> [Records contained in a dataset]
*** Begin section ***

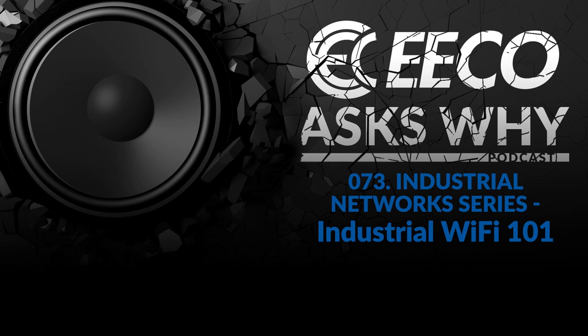Scott has done a great job walking through industrial Wi-Fi 101. Thank you so much — this is a good, relevant topic, one that's being embraced more and more by the plants we serve. Thank you for listening to Eco Ask Why. This show is supported ad-free by an electrical equipment company. Eco is redefining the expectations of an electrical distributor by placing people and ideas before products. Please subscribe and share with your colleagues and friends, leave comments and feedback, and suggest new topics. To learn more, visit EECOAsksWHY.com.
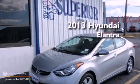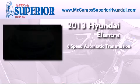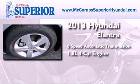This is a brand-new 2013 Hyundai Elantra. This four-door sedan has a six-speed automatic transmission and an inline four-cylinder engine.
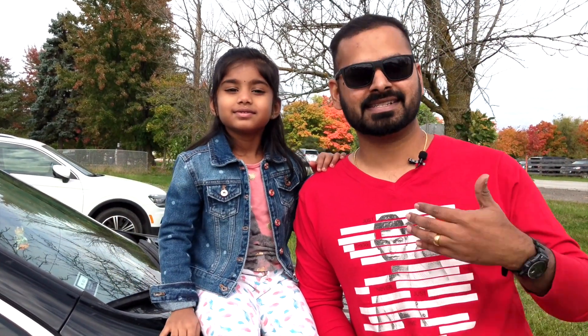Hi friends! Welcome to Secret Bites. This is Mani and I have Hassani with me. Today we are going to visit Down East Apple Farm which is in Caledon, Canada. Come, let's get the fresh apples directly from the tree and eat it there.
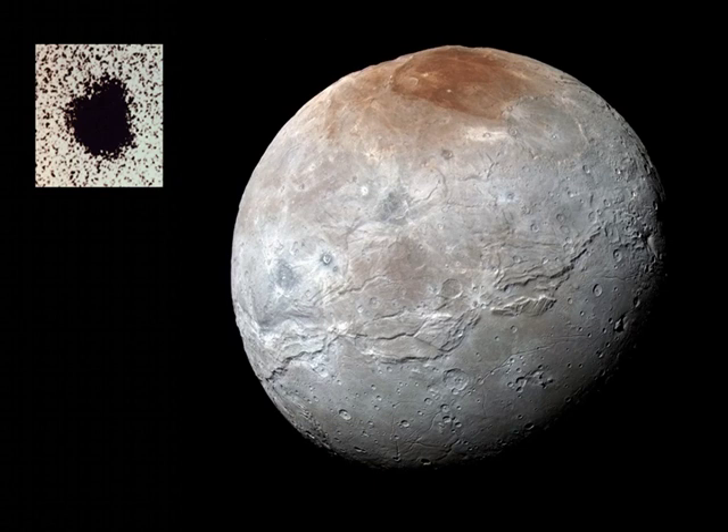That's about one-tenth the size of planet Earth but a whopping one-half the diameter of Pluto itself, and makes it the largest satellite relative to its parent body in the solar system.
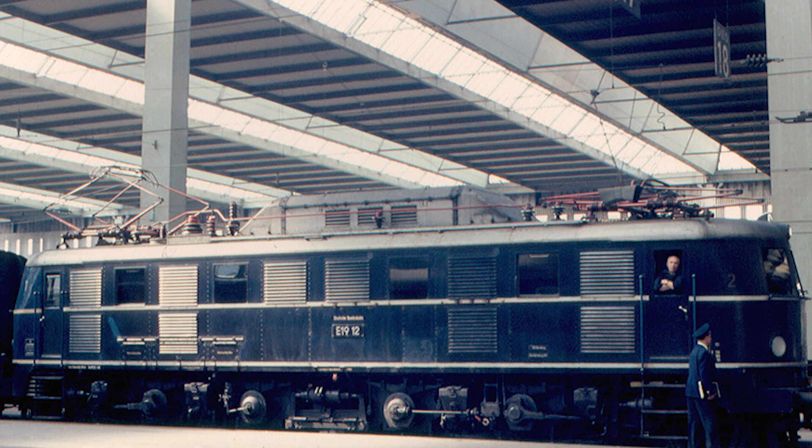In 1939, Germany's fastest pre-war electric locomotive would roll out of AEG, designed to travel at 180 km per hour in everyday service, with the potential to go even faster. Designed for high-speed tests at up to 225 km per hour, these were the strongest and fastest single-framed locomotives in their heyday, and they would not be matched for another 25 years.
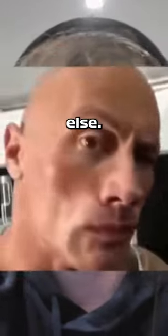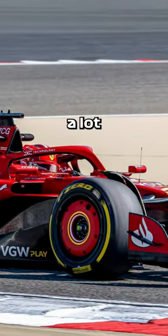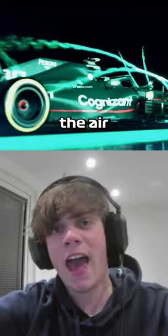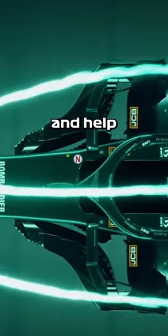But it mostly comes down to something else — and this is how the cars look. You may notice that unlike your mum's Mini Cooper, F1 cars have a lot of strange shapes on them. And all of this is to maximise something called downforce, which is where the air running over the car is able to push it down towards the floor and help it stick.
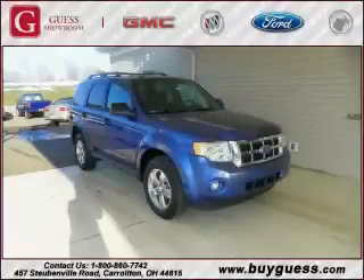This is a brand new 2010 Ford Escape. Safety, space, and comfort.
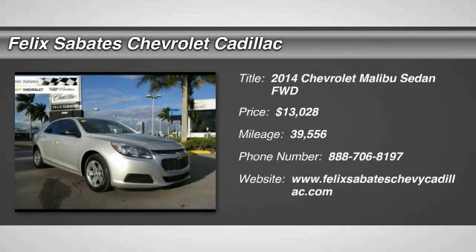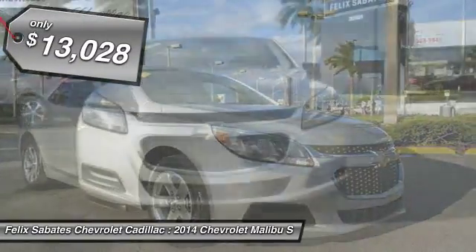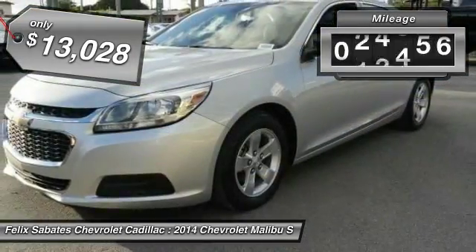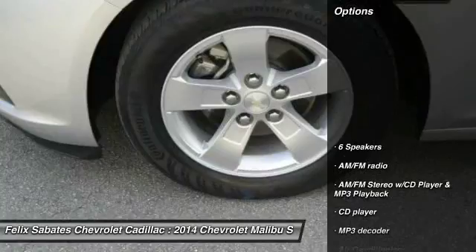The 2014 Malibu. A combination of performance and fuel economy, the Malibu is a great commuting car and is priced below $15,000. This vehicle has less than 40,000 miles. Here are some of this vehicle's great options.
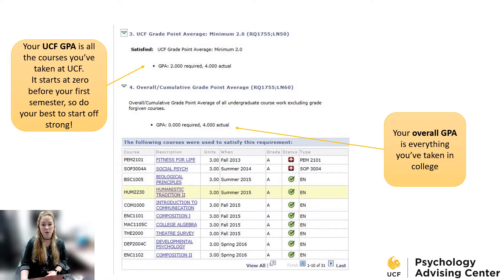Underneath your credit hours, you'll see your GPAs. The first one is your UCF GPA — all the classes you've taken at UCF. If it says zero, it might mean it's your first semester. Your UCF GPA starts at zero, so you have the opportunity to start off strong. Underneath your UCF GPA is your overall GPA, which includes all the classes you've done at any college you've attended.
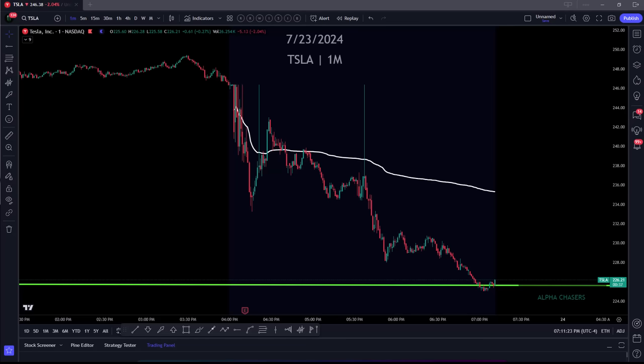Hey, everybody. Welcome back. Tonight's going to be a little different. We're going to get into the main show in a moment and go over everything, but we need to cover what's going on with Tesla. This is a very different call, and it's being received very differently.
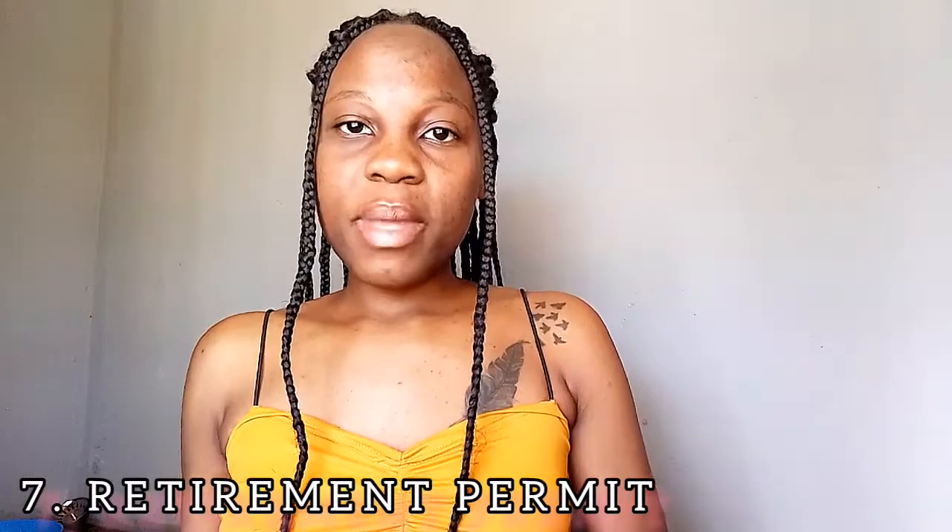The next way you can qualify for a permanent resident permit is through the retirement permit. If you've been working in South Africa for many years and are now receiving a pension fund, you need to remain in South Africa to receive those pension funds. If you leave the country you won't be able to access them, so you are eligible to apply for permanent residence. These funds should be a consistent amount of 37,000 rand per month coming into your account.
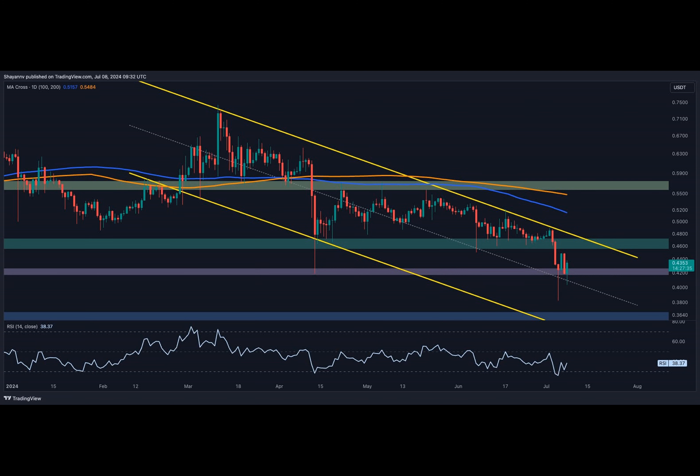Following an impulsive bearish decline, Ripple has encountered heightened volatility and fluctuations. However, the price is likely to undergo a period of sideways consolidation near the 42-cent region before initiating its next major move. An in-depth analysis of the daily chart reveals that Ripple has been in a downtrend characterized by a multi-month bearish price channel.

*** End section ***

> [WHAT NEEDS TO BE DONE] Copy, word for word, the entries above from the first line to the line that holds "In 1939, Germany's". Drop the pictures.

> [RESPONSE AREA]
Scott has done a great job walking through industrial Wi-Fi 101. Thank you so much — this is a good, relevant topic, one that's being embraced more and more by the plants we serve. Thank you for listening to Eco Ask Why. This show is supported ad-free by an electrical equipment company. Eco is redefining the expectations of an electrical distributor by placing people and ideas before products. Please subscribe and share with your colleagues and friends, leave comments and feedback, and suggest new topics. To learn more, visit EECOAsksWHY.com.
This is a brand-new 2013 Hyundai Elantra. This four-door sedan has a six-speed automatic transmission and an inline four-cylinder engine.
Hi friends! Welcome to Secret Bites. This is Mani and I have Hassani with me. Today we are going to visit Down East Apple Farm which is in Caledon, Canada. Come, let's get the fresh apples directly from the tree and eat it there.
That's about one-tenth the size of planet Earth but a whopping one-half the diameter of Pluto itself, and makes it the largest satellite relative to its parent body in the solar system.
In 1939, Germany's fastest pre-war electric locomotive would roll out of AEG, designed to travel at 180 km per hour in everyday service, with the potential to go even faster. Designed for high-speed tests at up to 225 km per hour, these were the strongest and fastest single-framed locomotives in their heyday, and they would not be matched for another 25 years.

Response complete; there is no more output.